According to Douglas McKinlay, an associate teaching professor in the Department of Communications, success is based on what he calls a “breakthrough ad.”

“It’s something that’s never been done before, something that’s never been seen,” McKinlay said. “It’s not an offshoot of something someone else has already done.”

These advertising breakthroughs have led to some of the most memorable commercials to date. Everyone may have their favorite ads, but there are a few commercials that appear on almost every major news company’s favorite picks.

The most common commercial on favorite lists is the 1984 Apple commercial that introduced the Macintosh. It was meant to allude to George Orwell’s novel “1984,” which is a story about a controlled, futuristic society.

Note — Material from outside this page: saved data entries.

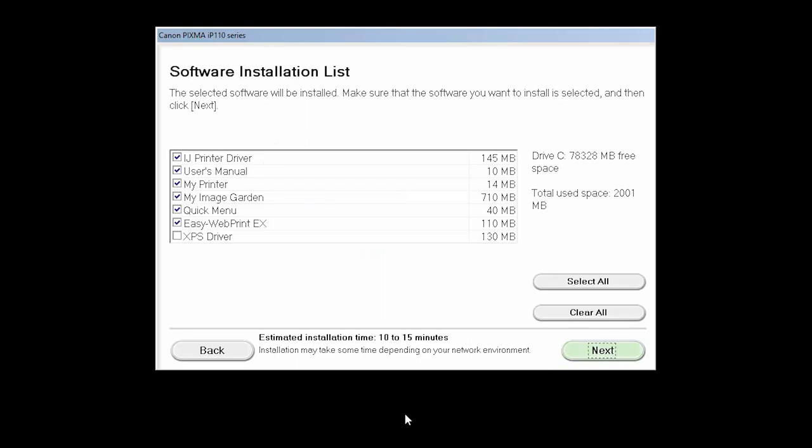A list of applications will appear. Verify that the printer driver is selected, as well as any other optional software you'd like to install, and then click Next.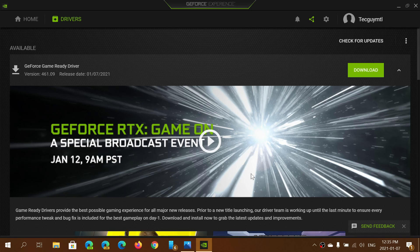So just update to the GeForce Experience latest drivers which is version 461.09 and that was released today, Thursday, January 7th 2021.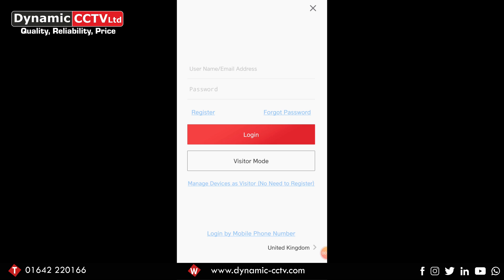Hello and welcome to Dynamics CCTV's Technicore Blog. In this video we're going to show you how to create an account on the HiccConnect app.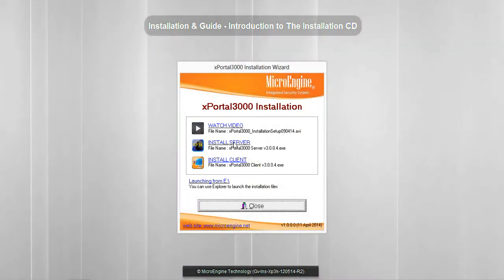Alright, that's it for this CD introduction. Next, we are going to install X-Portal 3000 Server.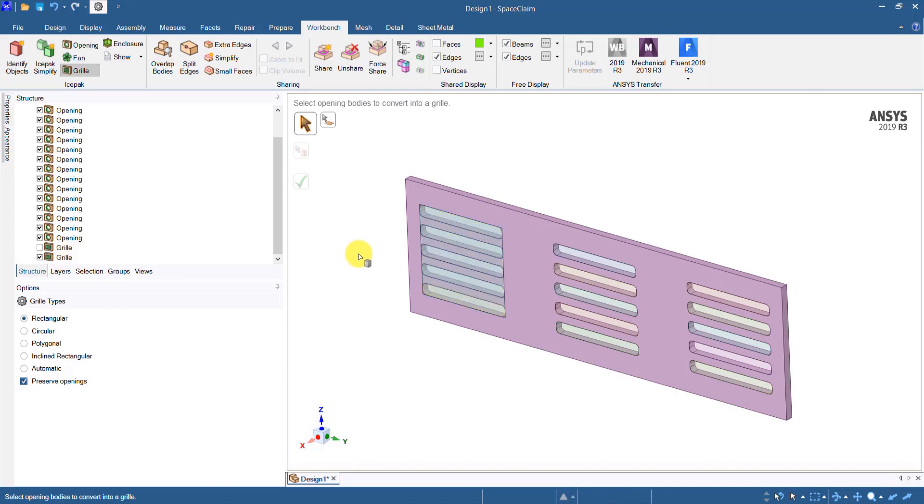So these are the two ways you can create an icepack compatible grill in SpaceClaim and create openings in SpaceClaim. That concludes this demonstration. Thanks for watching.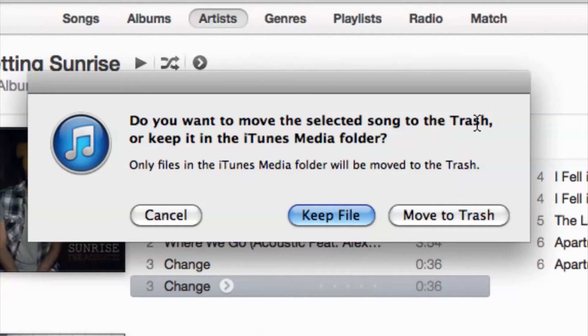But this is the option I wanted to focus on — it says: 'Do you want to move the selected song to the trash, or keep it in the iTunes media folder?' What that means is you can keep the original file on your computer and just remove the song from iTunes, or you can do both — remove it from iTunes as well as remove the original file, which dumps the music file into the trash can.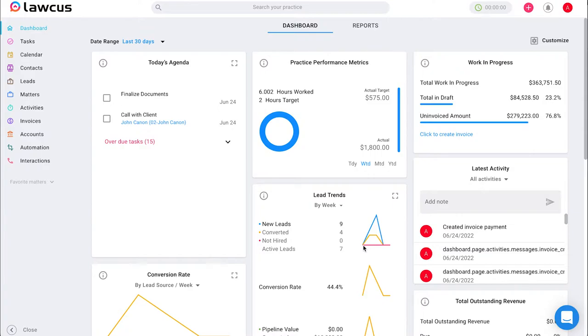Starting on our main screen, the dashboard, if we look to the left side of our screen we will see many options and we scroll down to matters.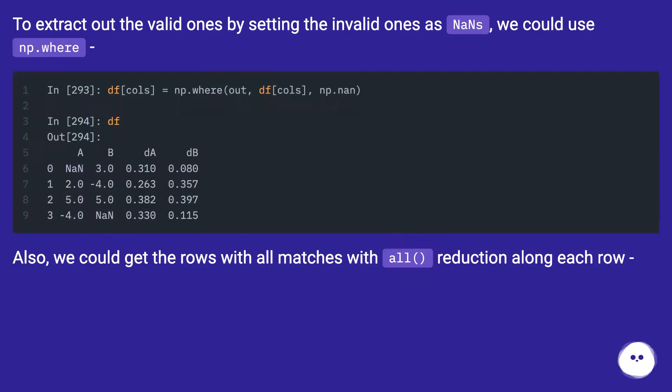To extract out the valid ones by setting the invalid ones as NANs, we could use np.where.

This commercial was an attack on computer supergiants such as IBM and Microsoft, representing them as an evil big brother.

The other commercials that appeared on favorite lists were humorous and innovative in their content.

Xerox’s “Monks” ad features a monk who is required to produce 500 copies of a manuscript. By using a new Xerox printer, he is able to copy the manuscripts so fast it is deemed a miracle.’s commercial, “When I grow Up,” reveals a group of children describing their desire to obtain mundane, underpaying jobs when they’re older. The company hoped to help people realize the option of finding better jobs through their website.

McDonald’s created a showdown between Michael Jordan and Larry Bird, who compete in a shooting contest over a Big Mac.

Budweiser’s top commercial involves three frogs alternatively croaking “Bud,” Weis,” and “Errr.” This ad paved the way for frog commercials in the future.

USA Today’s Ad Meter will have the official ruling when it comes to the commercial ratings this year, but it isn’t the paper itself that does the voting.

“The best Super Bowl commercials are not going to be picked by a committee, they are going to be picked by the public,” said McKinlay.